Truss’ prediction that inflation would help the U.K. eat through some of its debt pile — used as justification for funding her tax cuts through borrowing — has also been borne out in reality. And tax receipts have come in higher than expected this year, thanks to larger than expected growth and inflationary pressures.
Truss’ former Chancellor Kwasi Kwarteng, speaking on a forthcoming episode of POLITICO’s Westminster Insider podcast, insisted that while he and Truss admittedly pushed it “too much, too far,” their overall policy direction was sound.
“I think there’s a big lesson in life,” he said. “It’s all very well thinking you’ve got the right answer, but you’ve also go to have a staged, methodical approach to getting to the answer.”
Russell Napier, author of The Solid Ground investment report, added the unexpectedly strong performance of sterling against the U.S. dollar and other major currencies this year indicates capital inflows into Britain must be stronger than expected.
“Is there something that’s unique and dangerous about the U.K.? No there isn’t,” Napier added. “Our bond yields are at a dangerously high level, but so is the bond yield of Sweden and France, and Canada and South Korea and Australia.
Some of Truss’ closest supporters on the Tory backbenches have now set up pressure groups to fight for the type of low-tax policies advocated in her time in office.
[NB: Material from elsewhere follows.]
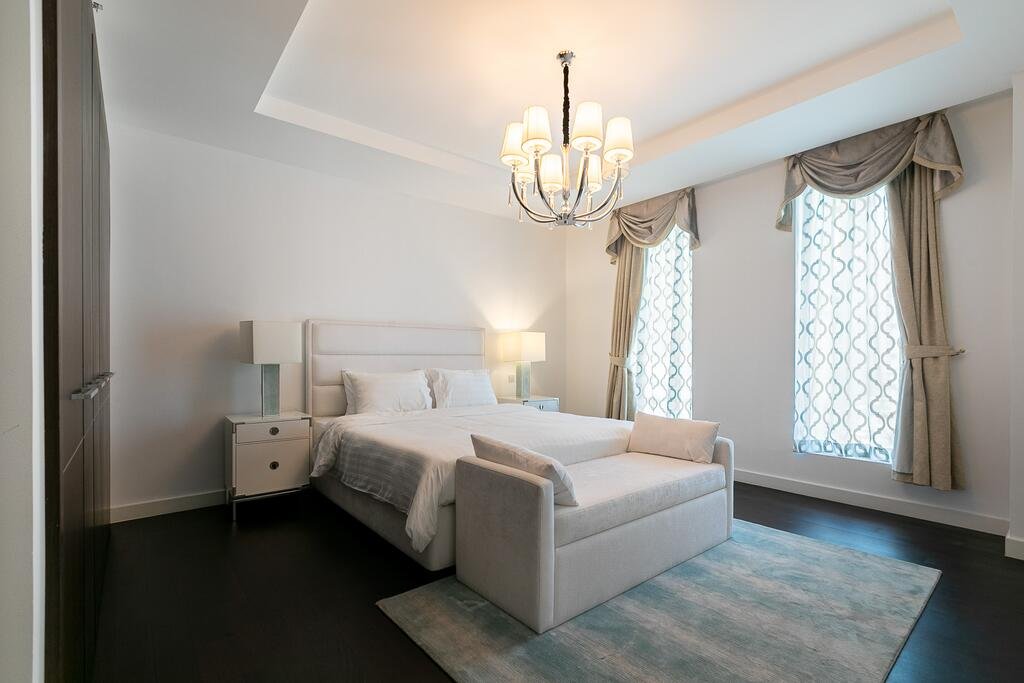 Driven Holiday Homes - Next To Ritz Carlton Luxury Apartment Limestone House, DIFC - Accommodation Abudhabi 5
Truss, for her part, is writing a book which aides suggest will be “more manifesto than autobiography.” She is also giving a keynote speech on the economy this month — just five days after the anniversary of her ill-fated “mini-budget.”
But for many Tory MPs still feeling the political repercussions of her tenure and fearing a brutal defeat at next year’s election, a period of silence would be welcome.
“It could be worse,” notes one Tory MP, a minister under Sunak. “It could have been a lot worse if she’d stayed.”